Other fun stuff (genetic simulator)

Around 24 hours before the contest ended, I accepted that no major breakthrough was foreseeable within the context of the LLM-driven iterative development cycle, so I decided to have a bit of fun and spun up a genetic simulator and a couple cloud machines to run it overnight. Despite being run for a dozen hours on two of the finest machines a new account limited by quota could get, this approach did not surface any improvements over the hand-tuned brain (hypotheses as to why below), but it was way more fun than it had any right to be.

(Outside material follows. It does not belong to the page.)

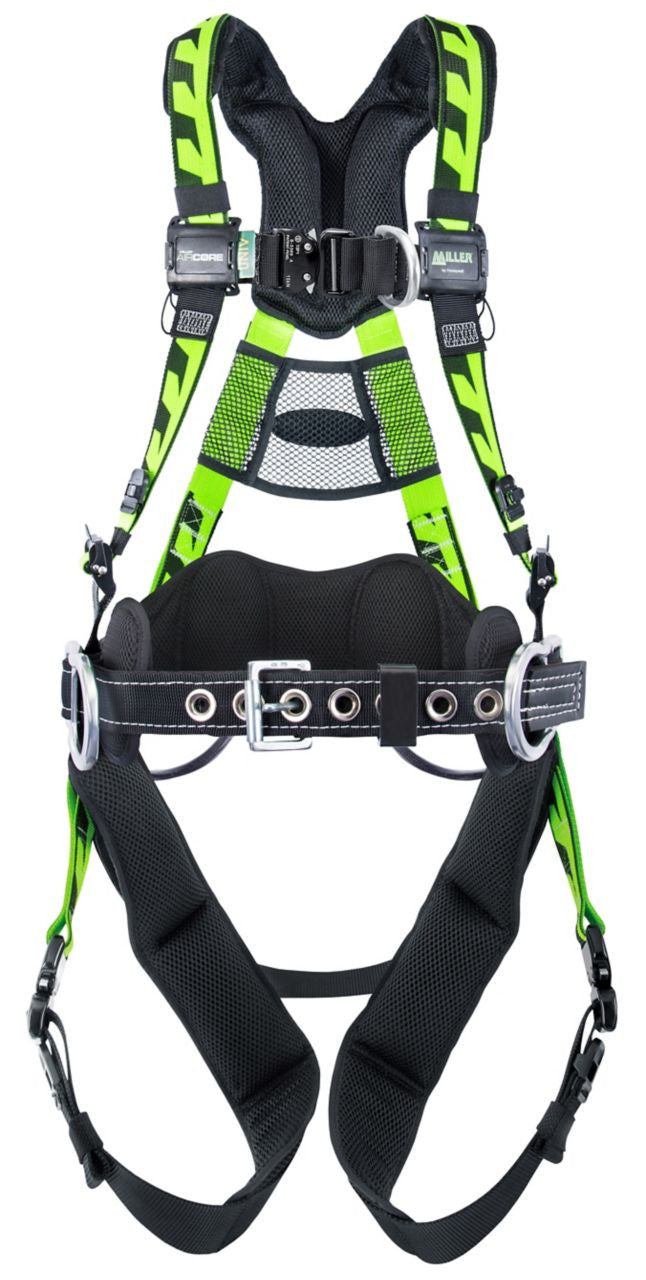 Miller AirCore Tower Climbing w/Aluminum Hardware Green Harness w/Front & Side D-Rings Lumbar Pad - Belt - 2X/3X - AAT-QC23XG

The first attempt was rather dismal. The genetic simulator operated at the instruction level and was unable to reliably create viable programs in the enormous search space presented therein. Despite adding several funnel steps (including a static analyzer to ensure mutated code was valid), these programs struggled to even make it to the base 45 score achieved by the contest-provided sample brain.

Seeing the instruction-level mutations fail, I pivoted to evolving state machines. Basically, this meant pulling out specific states or routines from my hand-crafted brain and using those as the building blocks for the genetic simulator. Unfortunately, this method effectively gates the potential ceiling of the genetic sim at my (lack of) ingenuity in creating the base states. Even starting from scratch, the evolved brains were never able to break past the local optima that my hand-tuned brain had found itself in.

While the genetic simulator was ultimately not successful at producing a better brain in the ~24 hours I ran it, I found it was an excellent way to grok certain genetic/evolutionary concepts, effectively re-discovering concepts from high school biology.

For example, early attempts quickly converged on the locally-optimized brain we already had, because it had the highest score and score was our only fitness signal. By identifying additional signals and implementing a multi-objective fitness function, we were able to encourage greater diversity in the “gene pool” which led to more interesting mutations and certain brains which populated specific map-type niches.

Mutation granularity was also a major dilemma. The initial instruction-level mutations were ideal in the sense that the simulator could (and did) come up with anything, theoretically allowing for breakthroughs that neither I nor Claude may have thought of. In practice, 99.999….% of “anything” was broken programs. The state-machine mutations were better but perhaps went too far in the other direction. When the smallest unit of change was an entire state/routine, it was too coarse for the simulator to make gradual improvements, and the simulator converged repeatedly on the program we had already built. If working on this for more time, digging in on the right level of mutation granularity would be at the top of my list.

As a bonus, because the simulator relied on running large batches of programs through the maps, I found the original JS engine lacking in terms of performance, so Claude rewrote it in C / WASM which improved throughput tremendously. This was also a fun little detour into the performance of genetic simulators and how optimizations that can improve performance (such as creating more gates and steeper dropoffs between funnel steps) must trade off against genetic diversity that might only become beneficial later on.

  1. Throughout this post, I use “I” and “Claude” interchangeably, because “Claude” requires 5 more letters to type than “I”. It is reasonable to read that any step which required coding was done exclusively by Claude, and 90% of the ideas were generated by Claude as well.